Known as the "sparkling pearl" of the highlands, the lake is the major source of water for industrial and agricultural use in Kunming and also plays a key role in balancing the city's environment.

"Fishermen walked home along the tranquil lake before sunset. Children swam in the lake on hot summer days. These are my memories," Liu said.

The picturesque scenes changed in the late 1980s when the lake became murky because of the industrial and domestic waste discharged into it. The lake surface was covered with a layer of bluegreen algae caused by an influx of wastewater loaded with nitrogen, phosphorus and other harmful substances.

"Untreated industrial waste and agricultural fertilizer was dumped straight into the lake," said Liu. "White foam, along with rotten fish and shrimp, piled up along the shore."

In the 1990s, the water quality in the lake was deemed "inferior to Grade V", the worst level in China's water quality grading system and "too polluted for any purpose". About 80 percent of local fish species in the lake disappeared.

To protect the lake, the central government and Yunnan provincial authorities implemented a series of measures to restore its lost splendor after decades of severe pollution.

Kunming has built nearly 100 kilometers of pollution interception pipes along the shores of the lake to prevent wastewater from entering.

As much as 566 million cubic meters of water have been diverted into the lake every year since 2013 to restore its self-purifying capabilities.
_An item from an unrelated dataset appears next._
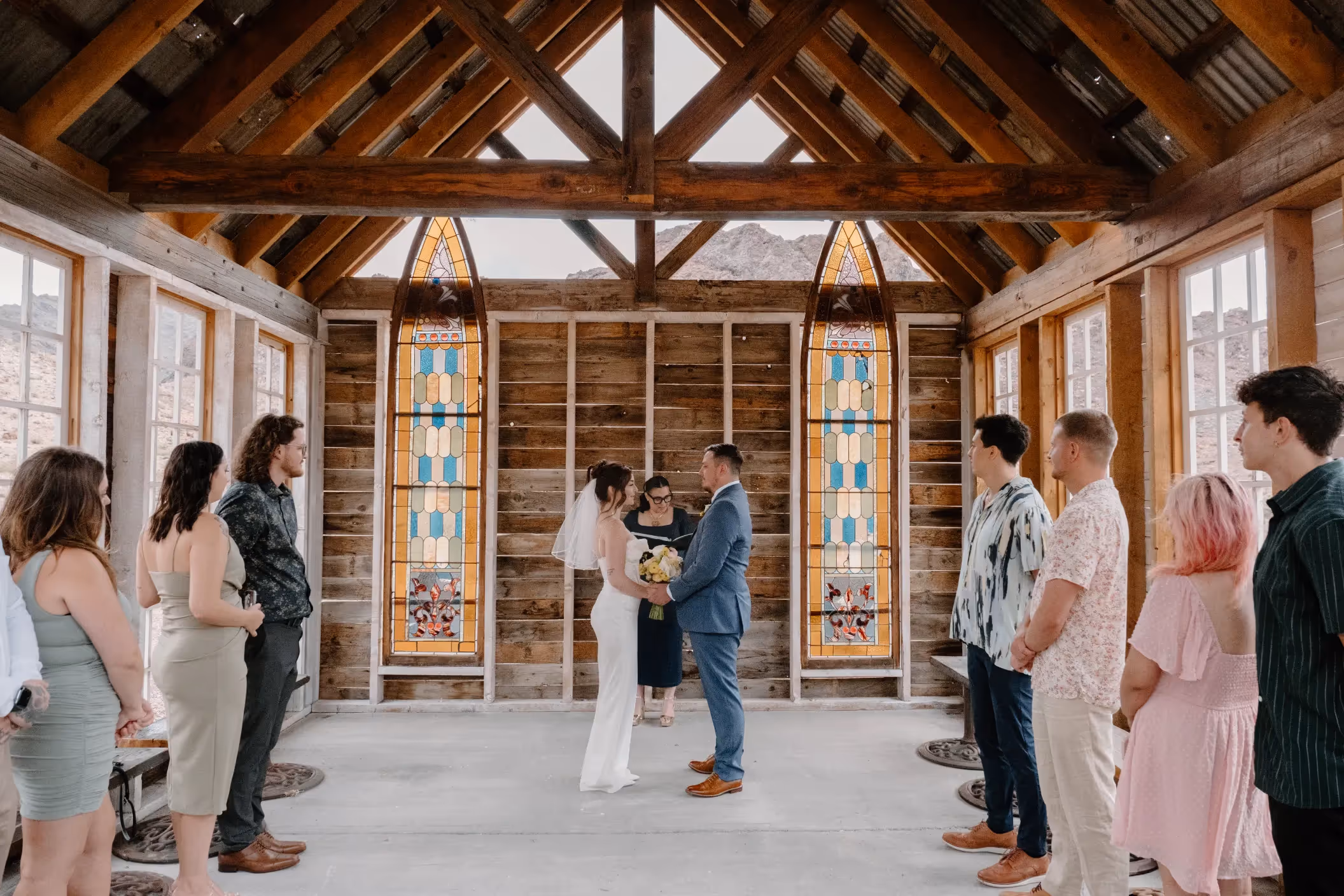 Elopement of Nicole and Jordan at Nelson Ghost Town, featuring rustic chapel and desert landscape with guests seated outdoors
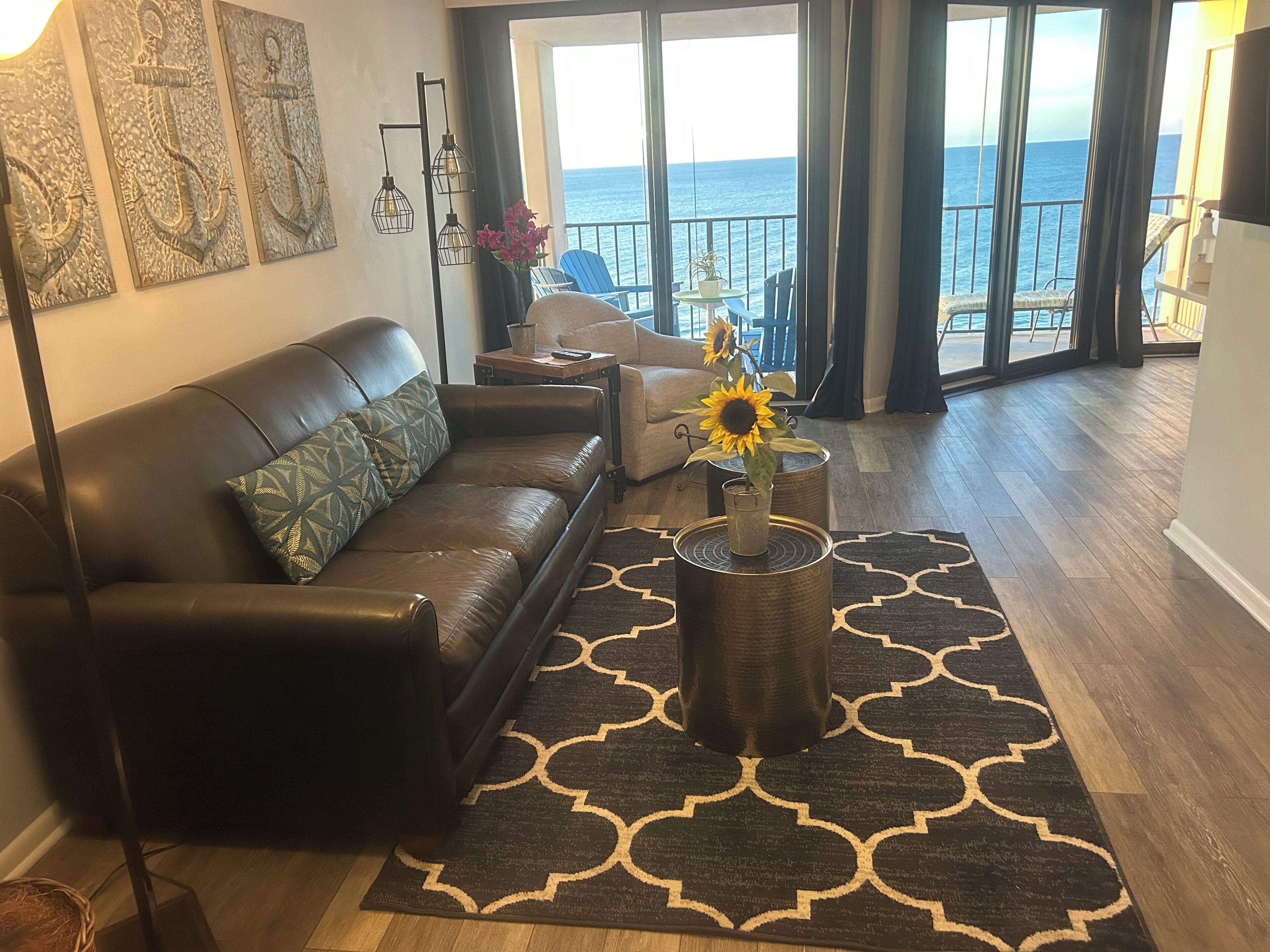 A living room with a leather sofa, a coffee table with a sunflower, and a view of the ocean through large windows.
Wastewater treatment plants have been built in 20 towns and 885 villages in the vicinity.

In 2008, Yunnan began to appoint "river chiefs" with responsibilities including water protection, pollution prevention, waste control and ecological restoration.

Fishing was also prohibited throughout 2010 and 2011, according to Wu Chaoyang, deputy director of the Dianchi Lake administration bureau.

Earlier efforts have begun to pay off. Water quality in the lake rose to Grade IV in the first quarter of this year.

In March, garganey, an endangered duck species, reappeared in the wetlands around the lake for the first time in 30 years.

"Although the deterioration of water quality has been halted, it is far from satisfactory," Wu said. "We still have a long way to go to protect our mother lake."

Over the next two years, Yunnan plans to spend another 7.6 billion yuan ($1.2 billion) on 64 pollution control projects in a bid to make the lake swimmable again by 2020.

"Dianchi Lake stretches far into the sky with clear water sparkling in a boundless width. I hope more people will see a crystal clear Dianchi, as it used to be," Liu said.